There are legitimate challenges to the availability of time and resources in today’s fire service due to increased mandates, responsibilities and tasking, but firefighters are long known as problem-solvers. Whether it is a two-person engine company at a structure fire with entrapment or the remnants of an occupied vehicle wrapped around a fixed object or the head of a curious child stuck between the pickets of a fence, firefighters find the solution. And we should apply those same proactive and aggressive problem-solving skills to finding the time to get into the community we have sworn to protect.

With all this in mind, let’s address some of the common “prevention problems” and some possible solutions.

Problem 1: Knowing the community risks

Talking about “stop, drop and roll” or “change your clock, change your battery” or other comfortable “go-to” messages is good, but these may not solve your community’s specific risk problems. For example, if your department responds to an inordinate number of kitchen fires, then talk about cooking fire safety and home fire extinguishers, or maybe have a water can available when parked at an event to let people practice P.A.S.S. This will also generate a crowd with whom your members can speak and educate about these extinguishment techniques.

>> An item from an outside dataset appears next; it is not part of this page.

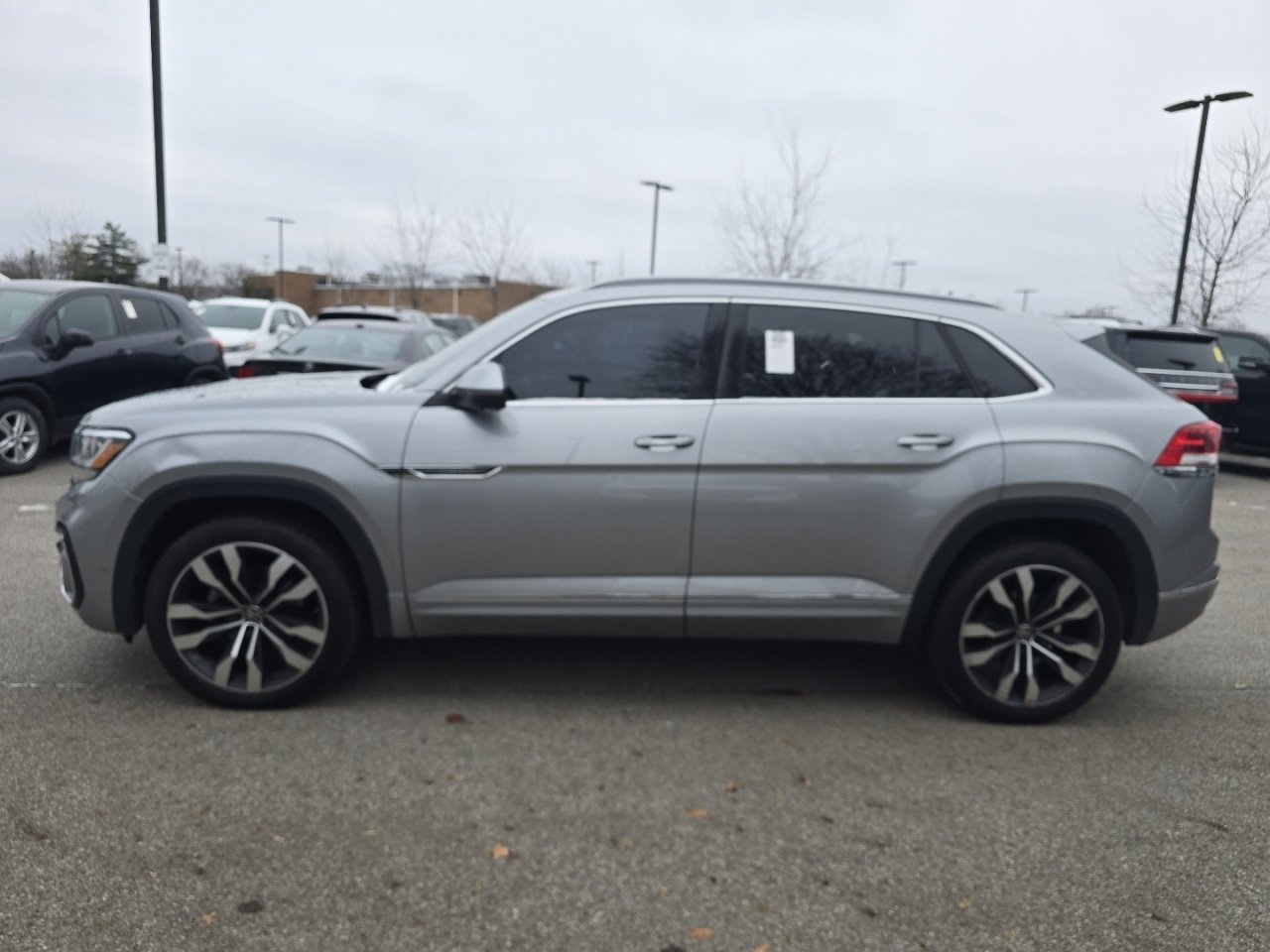 Used 2022 Volkswagen Atlas Cross Sport SEL Premium R-Line image 3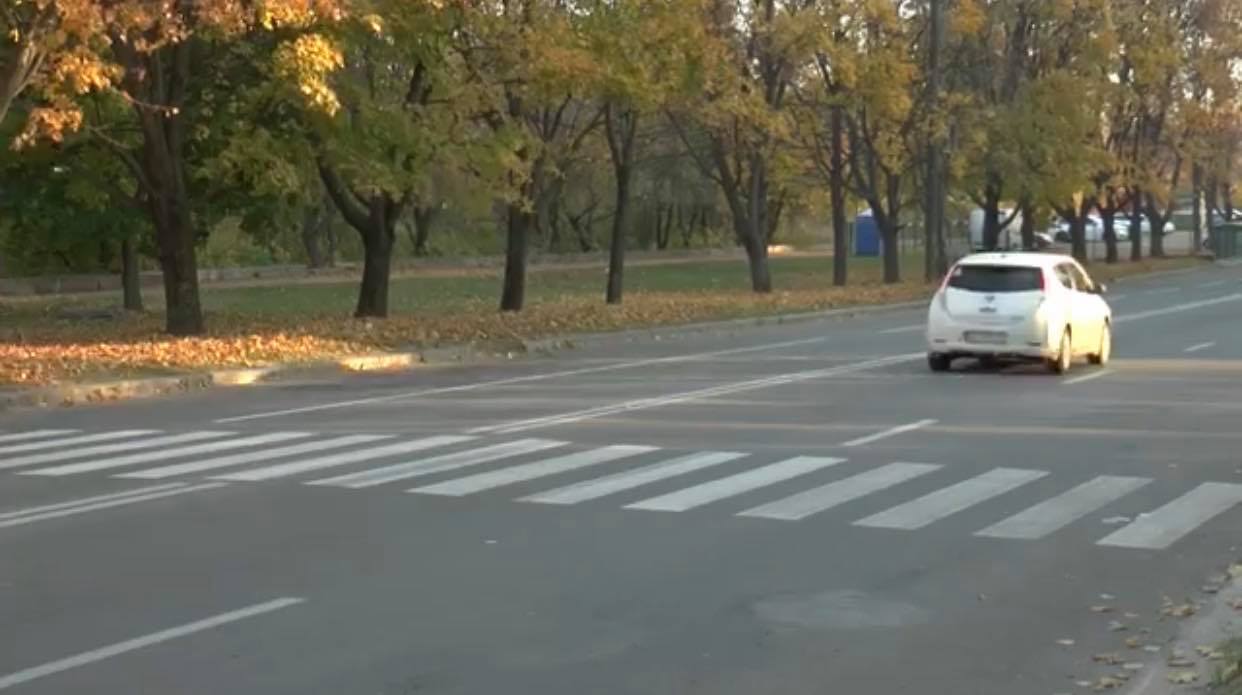 Перелом ребра и черепно-мозговая травма: на Салтовке сбили мать с двумя детьми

Another example: If electrical fires are common in your community, then talk about extension cords, overloaded outlets and power strips, and adorn your fire truck with an obnoxious continuum of such cords to grab the attention of bystanders and start a conversation.

A sad testament to our national fire problem is that our very own firefighters are not educated about their communities’ problems. Do your firefighters know, with statistical fact, what your leading cause of fire and injury are? Shouldn’t knowing what problems and risks you face be a part of being professional (career or volunteer) and knowing your business? If your own firefighters are unaware of what problems they are risking their lives for, then is it any wonder why your citizens know more about pop culture than your department?

Further, given this problem, is it any wonder why fire departments consistently have to fight to justify their basic needs during budget review each year? Start by educating your own department and firefighters so they can effectively relay this information to the public. People don’t know what they don’t know, and in our profession, that lack of knowledge has deadly consequences.

Problem 2: Where to go

Educated and service-orientated firefighters with a wealth of knowledge, experience, passion and genuine concern for their fellow man are a total waste of resources sitting behind closed station doors, cut off from the public they serve. To find places to interact, simply take a look at your jurisdiction and response area. Do you have a school? A supermarket? A church? A senior citizen meeting place? Is the community served by a watch group? Where are your low-income neighborhoods? Are there sporting events in the area? Check your local government offices that oversee public programs serving the youth and disenfranchised for event locations and times. Many of these locations and events can be incorporated into a preplan program or a company walk-through.

Additionally, prevention efforts can be organic and spontaneous. It can be as simple as a an individual firefighter talking with the checkout clerk and the others customers waiting in line at the supermarket, or even talking at home with their own family, friends and neighbors. The key is getting out there and into the community to start having these conversations.

Problem 3: Lack of time and resources

Elaborate, in-depth prevention programs by full-time prevention personnel are great, but not having one should not be the problem to which there is no solution. In today’s busy world, firefighters need to seek out their audience and gain their attention to focus them on safety and fire service issues; this also serves to reduce the risks to which firefighters are called and exposed.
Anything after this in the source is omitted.